My SIL called from work and one of her co-workers is giving away his dog. He has 2 and they don't get along so this one is the one the wife picked to go.

She called me first to see if I wanted him but DH would :kev: me!

I said "I'll post on my board". He's trained to go inside on pee pads. He's mostly potty trained [aren't they all! LOL].

Havanese/Maltese mix 1 year old. He's white. Neutered. He's emailing me a picture.

That's all I know. I just wanted to help even though I can't adopt. If this isn't the place to post, can you direct me where to post? Thanks!!

Sounds like might be a great opportunity for someone looking to adopt!


----------



## TnTWalter (May 9, 2007)

here's a picture. they were going to take him to the pound. UGH. People.








this is a puppy pic. he's 1 so i've asked for more recent.
Anyone??


----------



## mybella (May 16, 2008)

If he is a Havanese mix and they can't find a good home for him PLEASE fill out a form at Havanese Rescue, don't let them send him to the pound! I wish I was close and could grab him! 

havaneserescue.com

Marie


----------



## TnTWalter (May 9, 2007)

I know. 

My brother and sister in law are going to take him if no one else does. They're heading out of town for a week. That bums me out because Pepper and Winston are such buddies. Sigh.
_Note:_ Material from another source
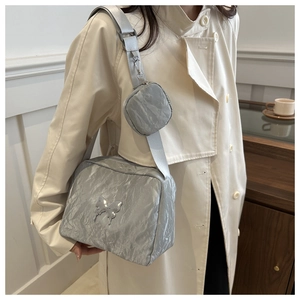 Detail of silver metallic nylon crossbody bag with butterfly accessory and round coin purse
But they'll need to make sure they get along when they get back.


----------



## Thumbelleina (Apr 2, 2009)

Are they only adopting in the Indy area?


----------



## TnTWalter (May 9, 2007)

That's where the dog is so I suppose if you wanted to go to Indy, that would be ok.

:tea:


----------



## ama0722 (Nov 28, 2006)

What a cutie! I hope you find someone on the forum


----------



## Chere (May 22, 2009)

What is the status of this cute little dog now? I am hoping she is taken care of.


----------



## TnTWalter (May 9, 2007)

Wanted to post update....

My brother and SIL have decided to keep him [so far]. Pepper and he get along really well. We haven't met him yet. He isn't trained on a leash and has some potty training issues.

My brother was really upset that he was shaved. Just wait til he has to groom him! LOL.
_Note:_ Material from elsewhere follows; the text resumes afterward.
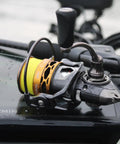 Real Smooth Spinning Fishing Reel Size 200 on a wet boat surface, showcasing aluminum spool and fishing line.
I'll keep you posted if things change.

Thanks.


----------



## Scooter's Family (May 23, 2008)

Good to hear they're going to keep him, I hope it works out well.


----------



## Chere (May 22, 2009)

Thanks for the update; the training will come with time. We have gotten used to our two shaved and now think they look pretty darned cute so perhaps he will get used to him looking very un-Hav like!


----------